Cherie thinks that what happened here was an error in the metadata. The number of different third-party distributors is high, she said, and each one has its own set of standards for the metadata artists are asked to provide. When those standards are low, often what it leads to is an incomplete picture when Spotify tries to identify an artist, or in this case, an altogether skewed one.
Keeping all this in mind, we can begin to piece together how the song made it to TV Girl’s artist page. It’s likely someone submitted it to a distributor with low metadata standards (La Cupola Music, in this case) under the name TV Girl, along with perhaps a dozen other songs under a dozen other popular artist names. When the distributor uploaded the song to Spotify, instead of creating a new artist ID tag for a new artist named TV Girl, it just used the existing one. As a result, when the song went live, it posted to the existing TV Girl account — the one with over a million monthly listeners.
Fertile ground for scammers
Further complicating things is the fact that Spotify doesn’t actually delete songs from its library or create new artist pages — that’s left to the distributors. So by the time Spotify and La Cupola Music overcame the bureaucratic hurdle of coordinating to identify and resolve the issue, the song had already been live for two weeks and racked up thousands of streams.
That friction — between the distributors and the streaming platforms — is fertile ground for scammers, and they’ve found myriad ways to exploit it. Cherie said it’s not uncommon for scammers to upload bootlegged copies of popular songs to the original artist’s account and collect the royalties. Likewise, aspiring artists will sometimes post their own music to more popular accounts in hopes of finding an audience.
Schemes like these may seem hair-brained to some, but in reality, people do fall for them. All the time.

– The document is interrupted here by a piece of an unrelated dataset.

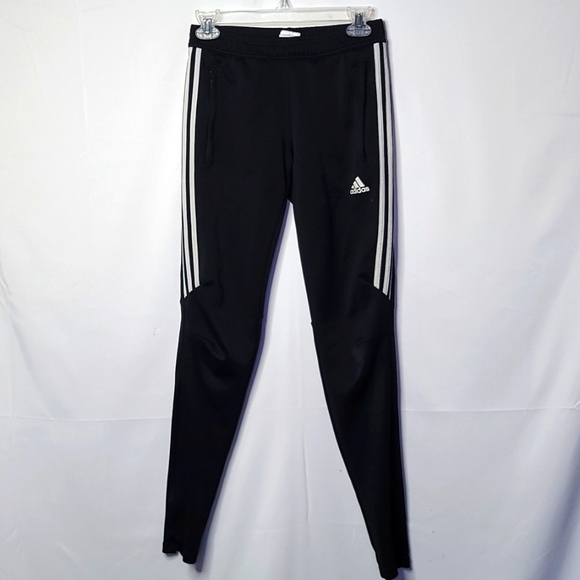 Adidas climacool pull on black white stripe workout casual track pants sz XS - Picture 2 of 8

For example, a week prior to the TV Girl incident, a scammer published a counterfeit single to psychedelic rock group Moses Gunn Collective’s account. Before the song was ultimately taken off Spotify, it made a big enough splash for this blog to make it their track of the day. The resulting duplicate artist page — the one Spotify created after realizing the mistake — quickly racked up over 30,000 monthly listeners.
What all this points to is a major flaw in Spotify’s distribution model — one that allows scammers to profit off an artist’s image for weeks at a time. From a small indie artist's perspective, that sucks. A Spotify page is often the most outward-facing part of an artist’s online persona, and they work hard to develop a certain set of musical and aesthetic principles that guide it. When that page is stolen from the real artists and all that work is undone, it can be frustrating, and even hurt their bottom line.
To Brad and Jason, the solution couldn’t be clearer: Find a way for artists to swiftly remove unwanted songs from their pages. Cherie echoed their sentiment, saying that “In spite of so much technological innovation, there are still so many obstacles artists face in terms of even controlling their identity on these services, and no real way to resolve them in a quick manner.” A series of exchanges with Spotify’s press team ended with its assurance that the issue was “very actively being worked on,” but some would say the wheels aren’t spinning fast enough.
In a rapidly evolving industry, where success is measured in minutes and hours, time is quite literally money. And to the artists who are already struggling to support themselves on the platform, every minute counts.